Pope Francis on Saturday chose a bishop who is a trusted theological advisor from his native Argentina for one of the Vatican's most powerful positions -- head of the watchdog office that ensures doctrinal orthodoxy.

Francis named Monsignor Victor Manuel Fernandez, the archbishop of La Plata, Argentina, as the prefect, or chief, of the Dicastery for the Doctrine of the Faith.

Fernandez has been nicknamed the "pope's theologian" since he is widely believed to have helped author some of Francis' most important documents.

The Dicastery, or department, enforces orthodoxy of church teaching and disciplines theologians deemed to have strayed from Catholic doctrine in their lectures or publications. But it has taken on considerably more importance to rank-and-file faithful as the stain of pedophile priests spread across the globe in recent decades. Among the department's duties are evaluating and processing sex abuse allegations against clergy.

Fernandez is widely believed to have been a key author behind some of Francis' most consequential documents, notably "God is Love," a 2016 exhortation that opened the door to letting divorced Catholics who remarry in civil ceremonies to receive Communion.

Catholic teaching holds that marriage is a sacrament, and that remarried Catholics must live together as brother and sister and abstain from sex as a condition for receiving Communion.

Divorced and remarried Catholics who lament being cut off from the Eucharist have long sought the right to receive Communion, but the change would anger conservative hierarchy and rank-and-file faithful if it were to be codified in teaching some day.

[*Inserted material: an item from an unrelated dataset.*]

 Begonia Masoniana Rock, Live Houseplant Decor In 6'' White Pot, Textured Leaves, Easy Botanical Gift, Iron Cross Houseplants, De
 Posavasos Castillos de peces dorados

Fernandez, 60, replaces retiring Cardinal Luis Ladaria, a Jesuit like Francis who took over in 2017 after the pontiff abruptly removed conservative German Cardinal Gerhard Mueller after a single term leading the doctrine department. Mueller was appointed by Pope Benedict XVI, a darling of church conservatives.

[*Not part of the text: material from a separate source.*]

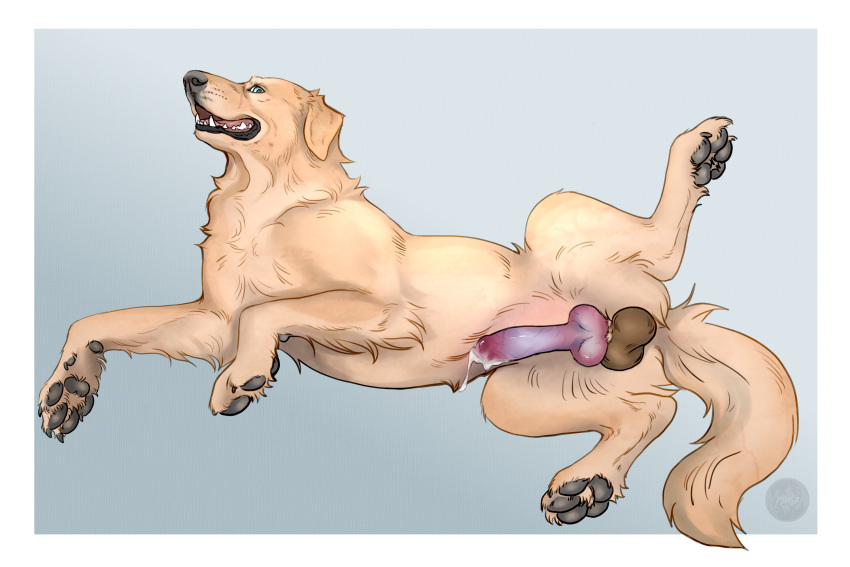 anatomically_correct anatomically_correct_genitalia animal_genitalia animal_penis balls bird_dog bodily_fluids canid canine canine_genitalia canine_penis canis cum darkened_balls darkened_genitalia domestic_dog erection feral genital_fluids genitals golden_retriever hi_res hunting_dog jetraraven knot lying male mammal on_side pawpads paws penis retriever solo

The watchdog office's new chief plans to take up his post in mid-September, the Vatican announcement of his appointment said.

Fernandez is a prolific author and biblical expert who has long had the support of Francis, who before becoming pontiff in 2013, was Cardinal Jorge Mario Bergoglio, archbishop of Buenos Aires. Fernandez has made clear that the future pope supported his nomination as rector of the Catholic University of Argentina after critics raised concerns about some of his doctrinal positions.

The doctrinal watchdog office has 16th-century roots in a commission established to deal with heresy and schism. Known originally as the Sacred Roman and Universal Inquisition, the body also scrutinized matters of faith and morals.

In a letter to his new appointee that the Vatican made public Saturday, Francis wrote that the office in its current version has as its "central purpose" safeguarding church teachings that springs from faith in order to "give reason for our hope, but not as enemies who point out and condemn."